Nice pic tracie. Haven't seen that one of TMac before.

New Orleans is a tricky team for the Rockets to beat, instead of pining for a good lottery position they play hard every night. Chris Anderson is the ultimate hustling big man and does a great job fronting Yao. JVG normally sets low post screens, has Yao go across the paint and swings the ball on the perimeter to re-establish Yao but Houston hasn't made the passes to Yao early enough to take advantage of this. Hopefully Sura and Wesley will fire in passes to Yao if they continue to shoot poorly. 

Why do we always play the Hornets on friday's?

Houston 94
New Orleans 88


----------



## TheRoc5 (Mar 1, 2005)

nice pic tracie...... also we will have tmac this time unlike last time. jvg needs to utilize yao a little more i think we used him very well recently.. expecaily when we play the blazers


----------



## TRACIELOVESCOMETS (May 14, 2003)

Thanks guys :biggrin:


----------



## sherwin (Mar 21, 2005)

Yao is hurt and will miss this game. Rockets better be careful or they could catch themselves down.


----------



## Xing (Mar 25, 2005)

sherwin said:


> Yao is hurt and will miss this game. Rockets better be careful or they could catch themselves down.

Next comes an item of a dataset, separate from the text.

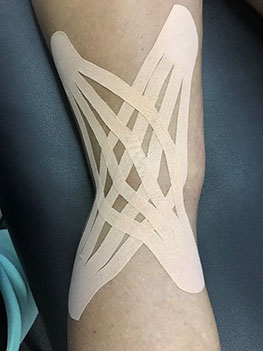 Kinesio Taping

Hope he is OK. I was wondering why he wasn't on the court.


----------



## kisstherim (Jul 15, 2004)

what the …… :curse:

i turned off the TV during half time and checked the box score online like 10 mins ago,rockets led by 15 pts at that moment,i was thinking:"another blowout".

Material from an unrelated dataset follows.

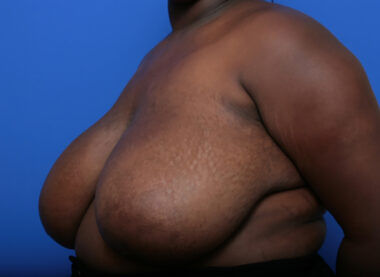 Case # 7 before photo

but when i checked again,rockets lost?WTF


----------



## TheRoc5 (Mar 1, 2005)

speechless


----------



## Hakeem (Aug 12, 2004)

Naturally I'm horrified, but at least it's one step closer to facing Seattle in the first round.


----------



## sherwin (Mar 21, 2005)

kisstherim said:


> what the …… :curse:
> 
> i turned off the TV during half time and checked the box score online like 10 mins ago,rockets led by 15 pts at that moment,i was thinking:"another blowout".
> 
> but when i checked again,rockets lost?WTF


If you watched the game, and saw the score then, you still wouldnt have been happy. The whole game was AWFUL. Rockets shot like 20% the first quarter.


----------



## sherwin (Mar 21, 2005)

Hakeem said:


> Naturally I'm horrified, but at least it's one step closer to facing Seattle in the first round.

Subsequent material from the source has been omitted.